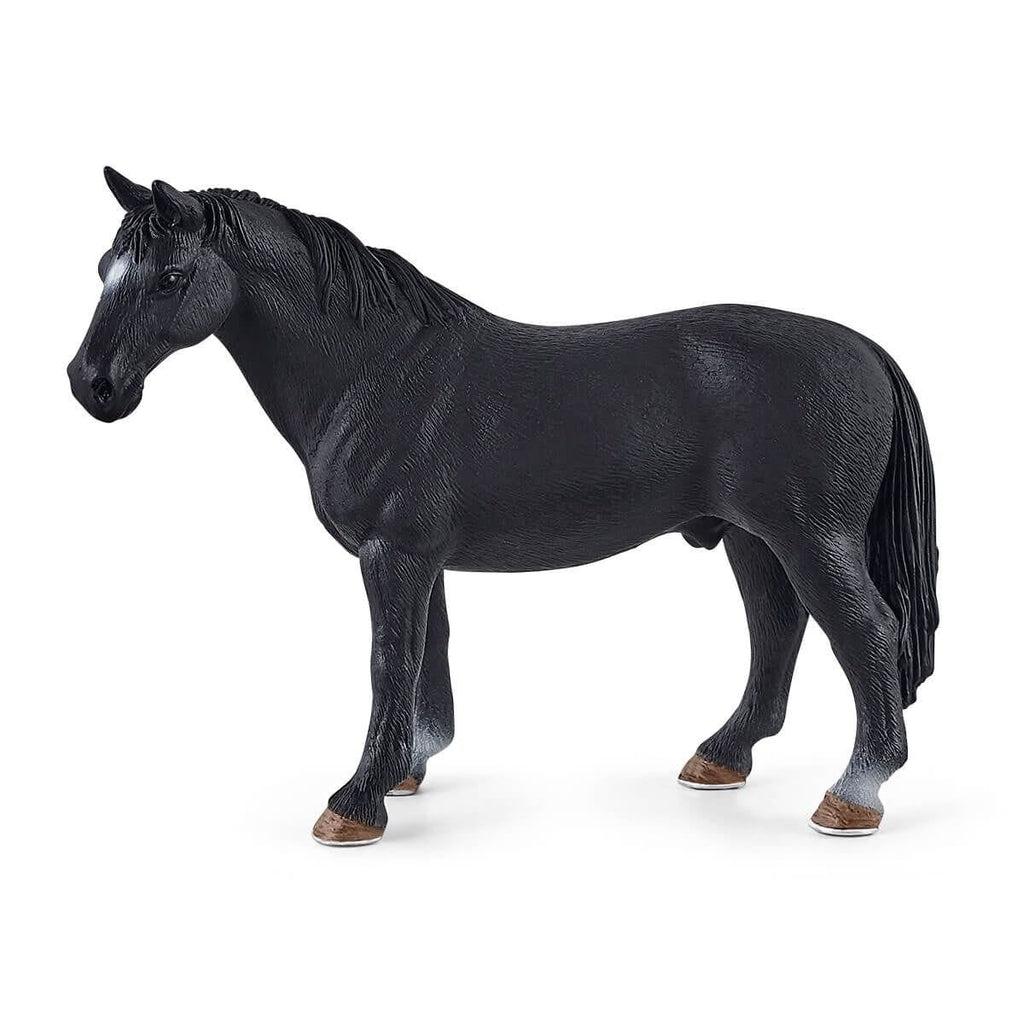 Close up of one of the horse figures. It is a completely black horse.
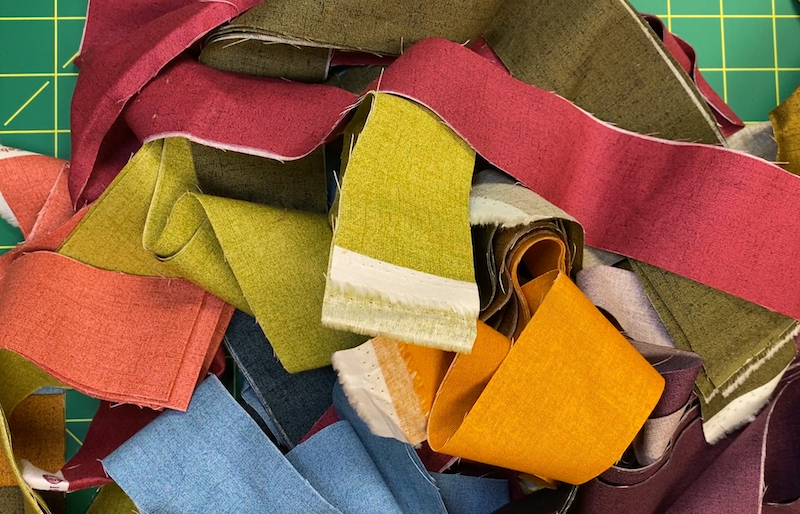 A variety of narrow fabric strips in a pile.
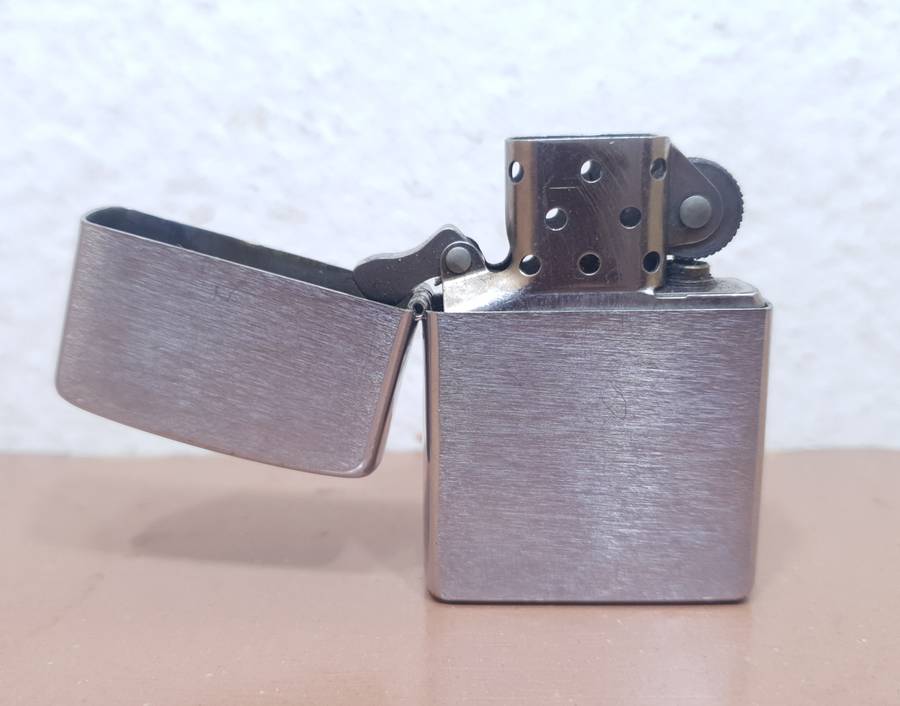 Demo stock - Authentic USA made Classic Brushed Chrome style Zippo Lighter in good condition.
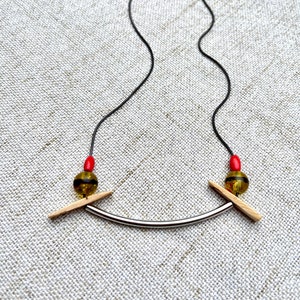 May include: A silver necklace with a curved bar and two wooden pieces on either side. The wooden pieces are attached to red and green beads.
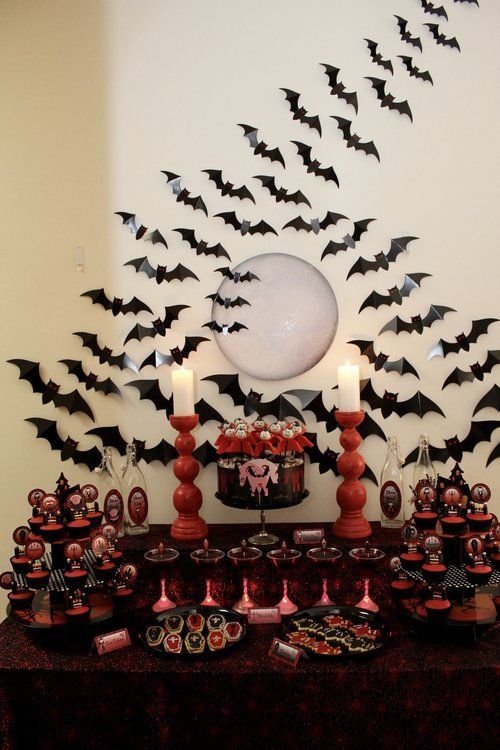a red and black Halloween dessert table surrounded with black bats, with red candleholders, red and black desserts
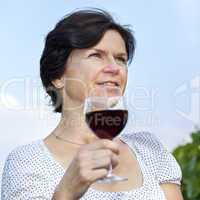 Woman in vineyard holding wine glass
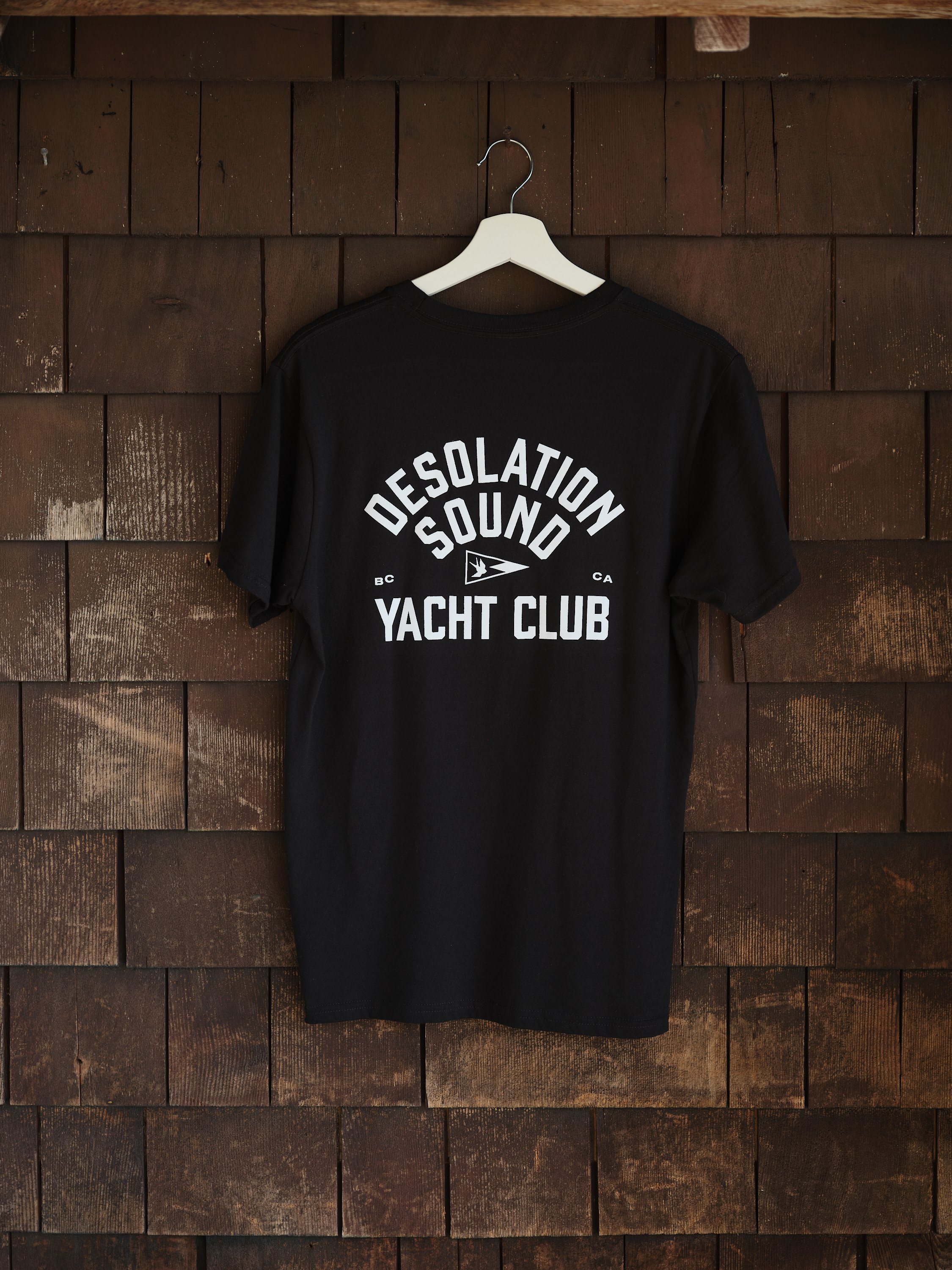 Black t-shirt hanging on a white hanger against a wood shingle wall. The t-shirt has white text that reads 'Desolation Sound Yacht Club' with a small logo and the initials 'BC' and 'CA'.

Task to complete = Would you transcribe the whole listing above exactly? The pictures should not be included.

Response =
 Close up of one of the horse figures. It is a completely black horse.
 A variety of narrow fabric strips in a pile.
 Demo stock - Authentic USA made Classic Brushed Chrome style Zippo Lighter in good condition.
 May include: A silver necklace with a curved bar and two wooden pieces on either side. The wooden pieces are attached to red and green beads.
a red and black Halloween dessert table surrounded with black bats, with red candleholders, red and black desserts
 Woman in vineyard holding wine glass
 Black t-shirt hanging on a white hanger against a wood shingle wall. The t-shirt has white text that reads 'Desolation Sound Yacht Club' with a small logo and the initials 'BC' and 'CA'.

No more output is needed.